Kurtis, I hope the success of Green Wake and other projects help you bring down the massive workload. I'm usually only at about 45 hours/week and still feel like I don't have as much time as I'd like to read
I added The Bothersome Man to my Netflix streaming queue and will give it a viewing, it definitely sounds like my thing. I personally identify strongly as an absurdist so I'm sure I'll find lots to like. I know you don't have loads of time to read and I don't want to be "that guy," dropping too many suggestions on people who won't be able to follow up on them, but I would suggest one book to you if you haven't already read it: Hunger by Knut Hamsun
(1859 - 1952).
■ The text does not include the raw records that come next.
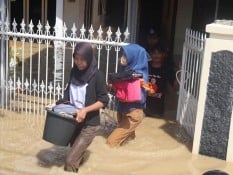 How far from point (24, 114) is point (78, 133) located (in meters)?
2.32

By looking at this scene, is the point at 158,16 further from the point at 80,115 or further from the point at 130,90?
the point at 80,115

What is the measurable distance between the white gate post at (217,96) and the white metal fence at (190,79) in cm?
29

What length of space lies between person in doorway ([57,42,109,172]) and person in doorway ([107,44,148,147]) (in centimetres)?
73

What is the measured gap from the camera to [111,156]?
5945mm

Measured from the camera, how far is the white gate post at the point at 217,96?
574cm

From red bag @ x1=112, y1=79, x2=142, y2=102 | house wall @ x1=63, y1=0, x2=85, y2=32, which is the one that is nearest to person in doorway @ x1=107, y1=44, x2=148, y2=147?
red bag @ x1=112, y1=79, x2=142, y2=102

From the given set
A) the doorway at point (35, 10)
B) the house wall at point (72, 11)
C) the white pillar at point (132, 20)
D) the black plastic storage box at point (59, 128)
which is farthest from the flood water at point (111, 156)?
the doorway at point (35, 10)

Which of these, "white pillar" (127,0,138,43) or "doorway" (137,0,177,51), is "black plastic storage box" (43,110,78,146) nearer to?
"white pillar" (127,0,138,43)

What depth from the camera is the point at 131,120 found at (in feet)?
20.0

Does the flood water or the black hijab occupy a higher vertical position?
the black hijab

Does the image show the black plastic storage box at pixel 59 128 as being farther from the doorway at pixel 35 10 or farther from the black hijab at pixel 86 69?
the doorway at pixel 35 10

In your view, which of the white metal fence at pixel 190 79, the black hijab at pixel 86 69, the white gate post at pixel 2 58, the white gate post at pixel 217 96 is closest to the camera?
the black hijab at pixel 86 69

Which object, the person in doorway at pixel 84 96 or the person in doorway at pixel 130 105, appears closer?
the person in doorway at pixel 84 96

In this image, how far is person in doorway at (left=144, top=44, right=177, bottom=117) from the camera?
7.29 meters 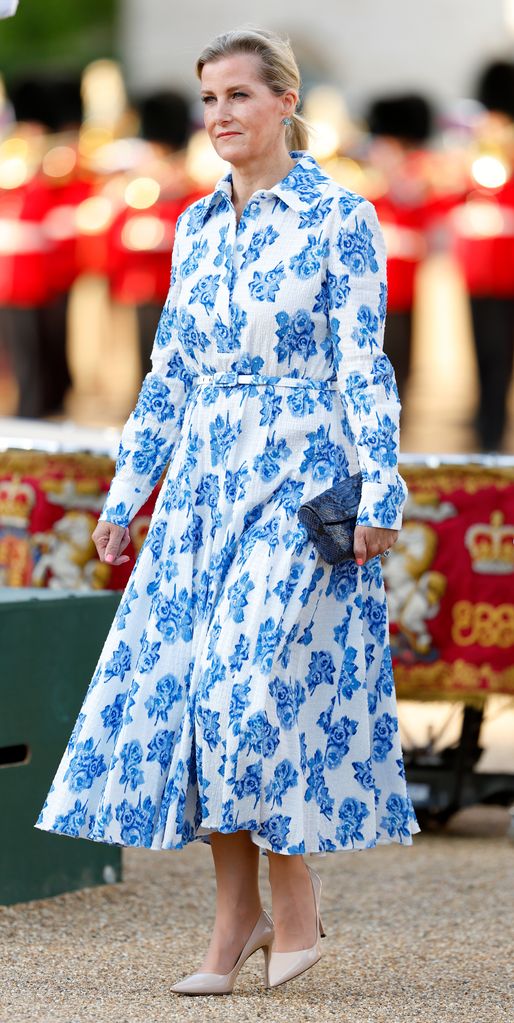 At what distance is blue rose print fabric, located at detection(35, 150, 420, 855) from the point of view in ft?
10.9

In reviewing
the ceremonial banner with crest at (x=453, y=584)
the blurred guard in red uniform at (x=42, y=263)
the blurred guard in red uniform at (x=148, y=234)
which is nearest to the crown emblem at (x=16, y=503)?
the ceremonial banner with crest at (x=453, y=584)

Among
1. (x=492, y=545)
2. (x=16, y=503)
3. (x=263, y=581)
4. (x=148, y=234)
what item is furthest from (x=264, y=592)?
(x=148, y=234)

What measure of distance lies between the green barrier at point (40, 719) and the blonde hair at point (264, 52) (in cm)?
118

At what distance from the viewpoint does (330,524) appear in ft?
11.0

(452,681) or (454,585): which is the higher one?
(454,585)

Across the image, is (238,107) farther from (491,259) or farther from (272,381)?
(491,259)

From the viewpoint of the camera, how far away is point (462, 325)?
60.5ft

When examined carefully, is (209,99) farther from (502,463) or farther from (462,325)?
(462,325)

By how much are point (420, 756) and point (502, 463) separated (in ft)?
2.30

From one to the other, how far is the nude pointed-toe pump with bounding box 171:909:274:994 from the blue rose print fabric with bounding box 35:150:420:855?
21 cm

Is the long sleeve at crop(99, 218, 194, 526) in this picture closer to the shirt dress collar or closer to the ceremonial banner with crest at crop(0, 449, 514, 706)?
the shirt dress collar

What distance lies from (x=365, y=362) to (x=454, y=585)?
172cm

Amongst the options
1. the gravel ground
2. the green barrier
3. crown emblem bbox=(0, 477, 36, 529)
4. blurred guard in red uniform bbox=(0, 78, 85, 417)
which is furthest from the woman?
blurred guard in red uniform bbox=(0, 78, 85, 417)

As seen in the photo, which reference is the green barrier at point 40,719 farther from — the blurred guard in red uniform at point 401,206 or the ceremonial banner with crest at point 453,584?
the blurred guard in red uniform at point 401,206
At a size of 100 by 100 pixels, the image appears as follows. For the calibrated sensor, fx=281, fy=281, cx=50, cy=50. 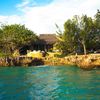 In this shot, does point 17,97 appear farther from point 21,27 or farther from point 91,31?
→ point 21,27

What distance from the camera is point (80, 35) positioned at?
2773 inches

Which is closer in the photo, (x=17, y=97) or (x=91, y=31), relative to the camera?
(x=17, y=97)

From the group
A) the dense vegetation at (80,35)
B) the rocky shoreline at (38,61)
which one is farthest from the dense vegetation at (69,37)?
the rocky shoreline at (38,61)

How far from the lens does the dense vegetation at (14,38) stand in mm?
76312

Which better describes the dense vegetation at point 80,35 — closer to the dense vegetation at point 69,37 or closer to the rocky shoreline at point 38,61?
the dense vegetation at point 69,37

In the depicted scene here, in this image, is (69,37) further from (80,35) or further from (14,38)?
(14,38)

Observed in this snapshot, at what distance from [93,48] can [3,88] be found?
47.1 metres

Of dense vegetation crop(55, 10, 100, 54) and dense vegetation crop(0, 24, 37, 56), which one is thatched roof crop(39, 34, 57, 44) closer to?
Result: dense vegetation crop(0, 24, 37, 56)

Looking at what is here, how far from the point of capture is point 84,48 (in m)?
70.6

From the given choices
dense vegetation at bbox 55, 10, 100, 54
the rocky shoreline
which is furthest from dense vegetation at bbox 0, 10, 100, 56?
the rocky shoreline

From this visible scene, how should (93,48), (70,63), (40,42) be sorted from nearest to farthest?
(70,63)
(93,48)
(40,42)

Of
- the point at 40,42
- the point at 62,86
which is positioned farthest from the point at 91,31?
the point at 62,86

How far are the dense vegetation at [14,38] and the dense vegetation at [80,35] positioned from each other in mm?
9878

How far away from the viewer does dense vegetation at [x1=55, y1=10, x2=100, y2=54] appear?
7012cm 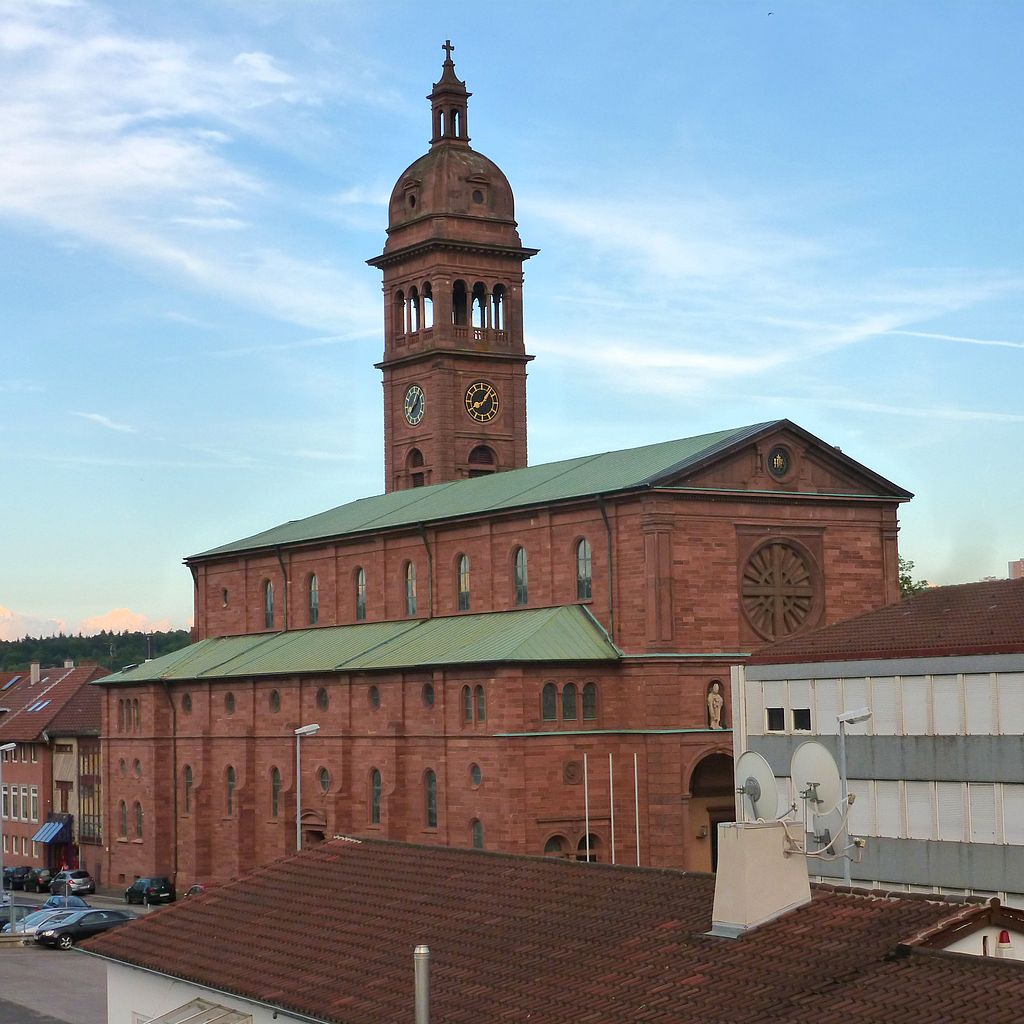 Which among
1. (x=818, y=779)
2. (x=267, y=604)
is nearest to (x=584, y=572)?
(x=267, y=604)

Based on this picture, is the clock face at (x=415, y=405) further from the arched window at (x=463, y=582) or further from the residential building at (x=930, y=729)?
the residential building at (x=930, y=729)

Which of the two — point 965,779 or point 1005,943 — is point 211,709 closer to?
point 965,779

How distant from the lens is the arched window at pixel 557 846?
65.1 meters

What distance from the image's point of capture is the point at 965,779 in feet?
166

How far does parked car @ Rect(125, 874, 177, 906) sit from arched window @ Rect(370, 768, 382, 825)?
589 inches

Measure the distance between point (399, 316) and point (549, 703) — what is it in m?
36.3

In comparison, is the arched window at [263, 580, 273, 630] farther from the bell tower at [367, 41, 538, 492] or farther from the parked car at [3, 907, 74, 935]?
the parked car at [3, 907, 74, 935]

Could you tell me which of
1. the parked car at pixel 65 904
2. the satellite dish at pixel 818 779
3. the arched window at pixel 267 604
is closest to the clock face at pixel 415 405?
the arched window at pixel 267 604

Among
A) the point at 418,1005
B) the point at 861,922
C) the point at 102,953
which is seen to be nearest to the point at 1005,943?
the point at 861,922

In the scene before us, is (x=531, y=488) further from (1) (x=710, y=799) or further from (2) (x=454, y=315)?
(2) (x=454, y=315)

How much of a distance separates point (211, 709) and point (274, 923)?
55.4 meters

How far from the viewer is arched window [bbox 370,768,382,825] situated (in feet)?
239

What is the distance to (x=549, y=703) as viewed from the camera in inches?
2618

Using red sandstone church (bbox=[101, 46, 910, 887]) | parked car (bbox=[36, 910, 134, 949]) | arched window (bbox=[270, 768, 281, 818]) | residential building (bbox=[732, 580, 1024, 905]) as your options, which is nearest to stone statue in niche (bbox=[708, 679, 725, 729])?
red sandstone church (bbox=[101, 46, 910, 887]) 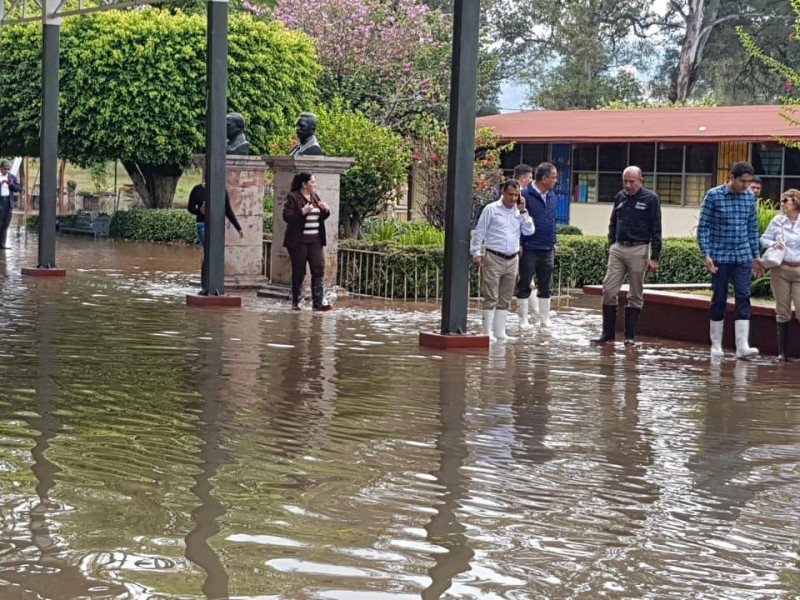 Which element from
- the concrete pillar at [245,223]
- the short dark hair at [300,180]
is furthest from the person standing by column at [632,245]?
the concrete pillar at [245,223]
The Penguin Classics Edition (apparently the definitive translation) is an absurdist treasure.
Why I think you'd like Hunger
- It's a deep psychological examination of a totally insane, poor and starving individual (who also happens to be the narrator)
- The narrator seems to be conscious in a dark, parallel world while bumbling through the "normal" world
- It's loaded with absurdist elements and dark humor
- It's beautifully written
- It's brief (excluding forewards, notes, etc, the actual story is under 200 pages)
- It's Norwegian (a nice tie-in with your experience of The Bothersome Man)
I strongly suggest you check it out when you think you can take on a new book: http://www.amazon.com/Hunger-Penguin-Twentieth-Century-Classics-Hamsun/dp/0141180641/ref=sr_1_1?s=books&ie=UTF8&qid=1312904733&sr=1-1
Thanks for the recommendation, Euge! I'll definitely put it on my list of things to read (which currently sits at about 500, haha). I've recently made a pretty big decision to give notice at my day job and try this writing thing full time.
Scary as hell when you have a mortgage, but sometimes you have to throw yourself full on into these situations so you are forced to make it work. I think I have made enough contacts that it shouldn't be a huge concern.